Las insoladas

Crítica de Fernando G. Varea - Espacio Cine

Medianías

Si algo puede decirse a favor del segundo largometraje de Gustavo Taretto (1965, Buenos Aires) después de Medianeras (2011), es que no es ambicioso ni tiene ínfulas de nada. La duda es hasta qué punto esa liviandad, esa falta de aspiraciones, no implican cierta endeblez o pereza.
Tomando como punto de partida un corto propio del mismo título (premiado en el Festival Latinoamericano de Video de Rosario años atrás), Las insoladas registra las conversaciones de un grupo de amigas mientras toman sol en la terraza de un edificio porteño. Tan simpáticas como superficiales y algo ingenuas, las chicas en cuestión se doran divagando en torno a un deseado viaje a Cuba y trivialidades varias, desde los recuerdos de infancia de una o las invitaciones de la pareja de otra hasta cierta confusión en torno al nombre del Che Guevara y el goce que deparan los alfajores de una conocida marca marplatense (especie de publicidad confundida con los diálogos).

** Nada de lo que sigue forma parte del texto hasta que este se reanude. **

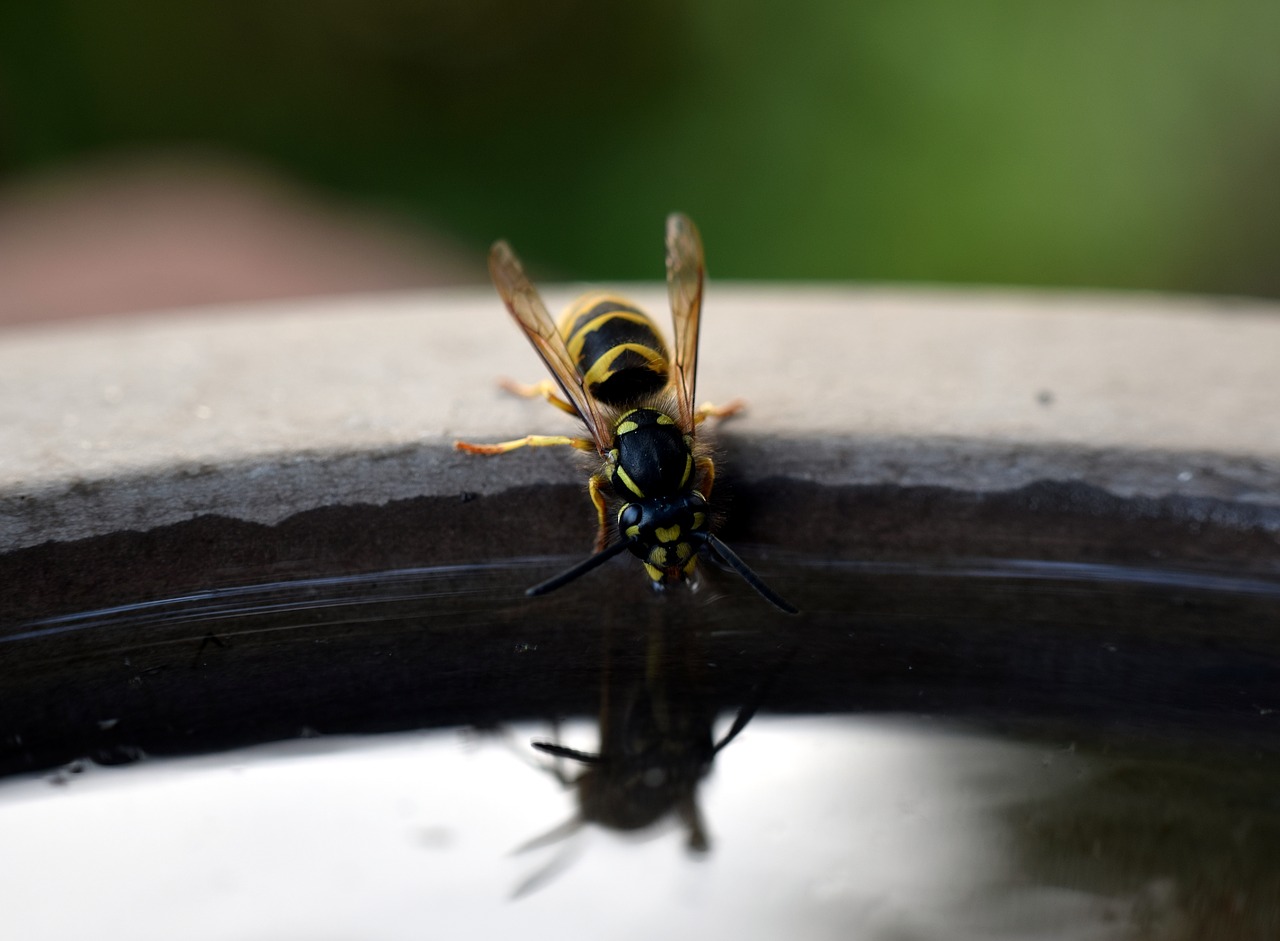 wasp  insect  nature free photo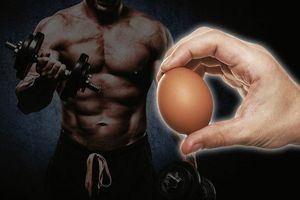 Яєчний білок для бодібілдерів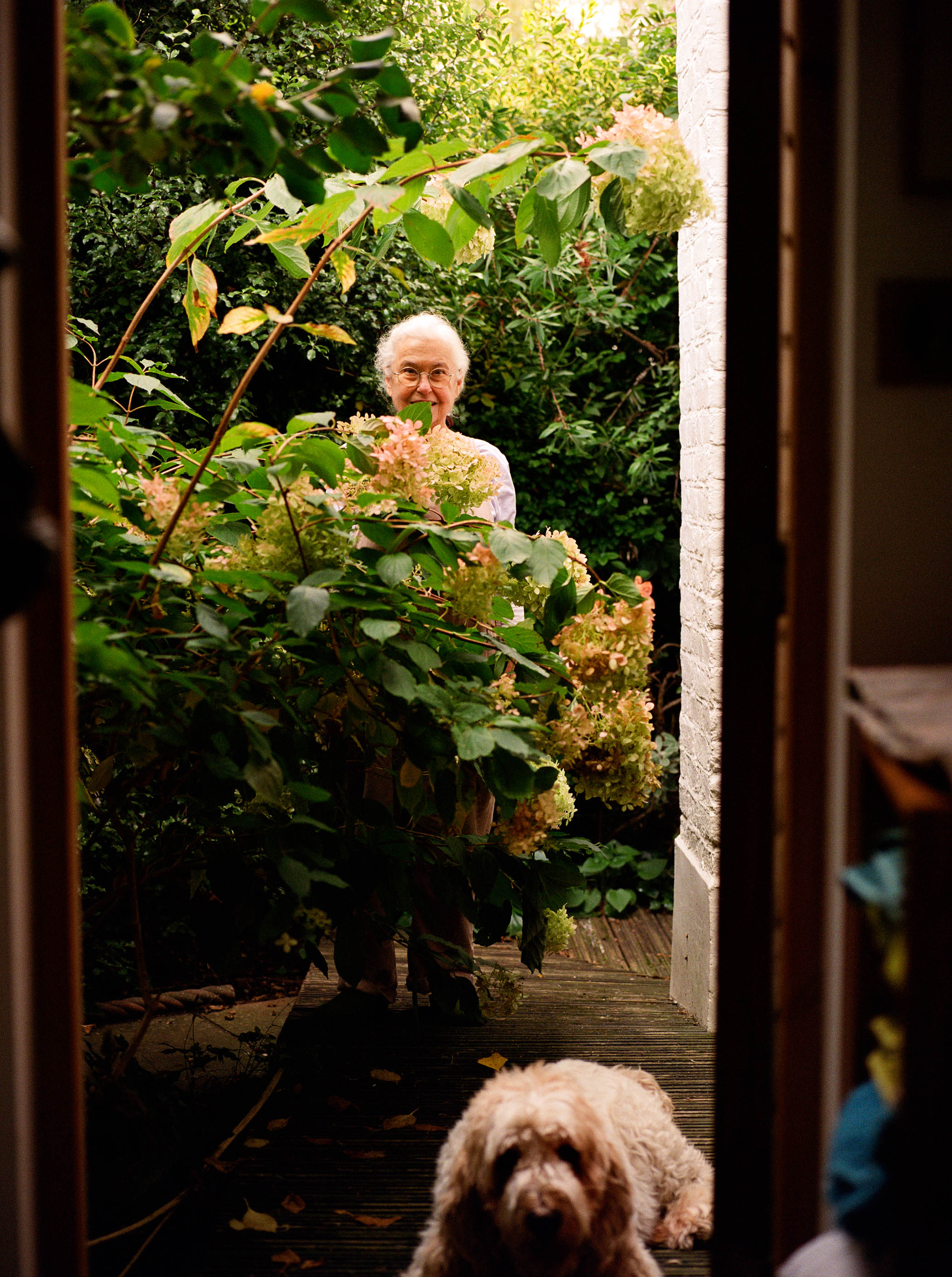 Blooms with a view: in the garden with Lobos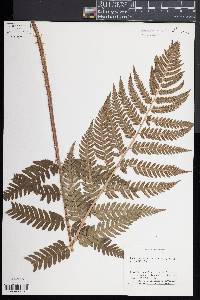 Dryopteris celsa image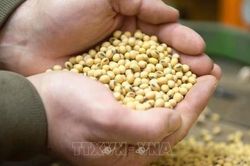 Trung Quốc nhập khẩu lượng đậu nành lớn từ Mỹ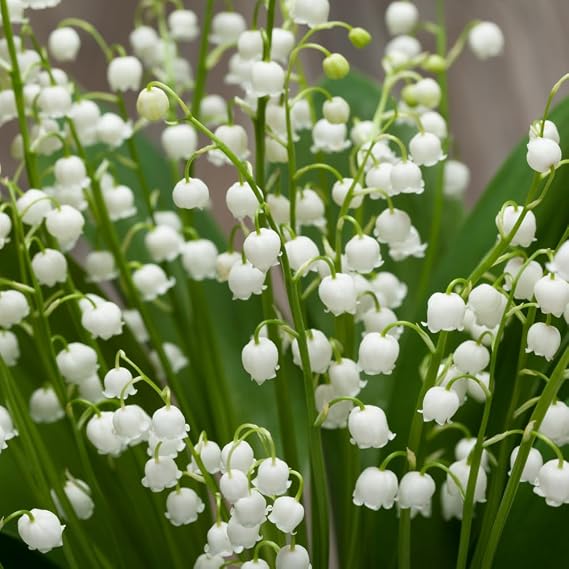 15 Lily of The Valley Roots, Perennial White Lily Bulbs | Bare Root, Partial Shade, Full Shade, Moist Well-Drained Soil, Zones 3-8, Fragrant Spring Blooms, Ground Cover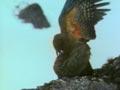 Video: Kea mating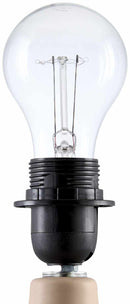 Lumellogno Coral Table Lamp Lumellogno Coral Table Lamp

No habrá mucho más que eso, sin grandes revelaciones, momentos dramáticos ni gags excepcionales.
El hecho de ubicar la acción en los ’90 permite deslizar no sólo comentarios sobre costumbres de la época sino, también, una mirada ligeramente irónica sobre la Argentina menemista, atravesada por el culto por las apariencias, el dinero que no alcanza y la corrupción como atajo. No hay demasiadas quejas, sin embargo, y el film no llega nunca a ser cruel ni perturbador. Esa amabilidad hacia el espectador podría celebrarse si Las insoladas contuviera chistes más estimulantes y soluciones visuales y dramáticas que la apartasen del cruce de cuerpos y palabras imaginable en un escenario teatral.
Hay dos películas argentinas que se le parecen, al menos en la idea de acompañar el ocio de un grupo humano en los altos de un edificio: La terraza (1963, Leopoldo Torre Nilsson) y El asadito (1999, Gustavo Postiglione). La primera estaba sembrada de tensión sexual, arduos conflictos y alegorías capciosas, con esa soltura tan propia de su director en busca de cierta belleza enrarecida; la otra –realizada en un momento en que el cine argentino ansiaba salir de su solemnidad– apostaba al humor cómplice y los guiños machistas. A diferencia de aquéllas, Las insoladas es híbrida y colorida. Si bien durante hora y media sólo da voz a seis mujeres y un perro, no exhala aires feministas, aunque tampoco se muestra reaccionaria: los comentarios sobre un director de cine porno (admirador de Scorsese, astuta referencia) despiertan, por ejemplo, reacciones diversas entre las mujeres, y lo mismo ocurre con referencias al paso en torno a capitalismo y comunismo. Evidentemente el film de Taretto se cuida de no adoptar posiciones tajantes para no excluir espectadores, un poco como lo hace también Relatos salvajes (2014, Damián Szifrón), aunque en este caso sin solazarse con los fracasos y broncas de los argentinos.
Las insoladas se sostiene, más que nada, por la belleza y la gracia de sus actrices, si bien Carla Peterson, Violeta Urtizberea y Marina Bellati repiten sus personajes de casi siempre, y Luisana Lopilato pone más entusiasmo en bailar y hacer fonomímica que en darle vida a su decorativo personaje.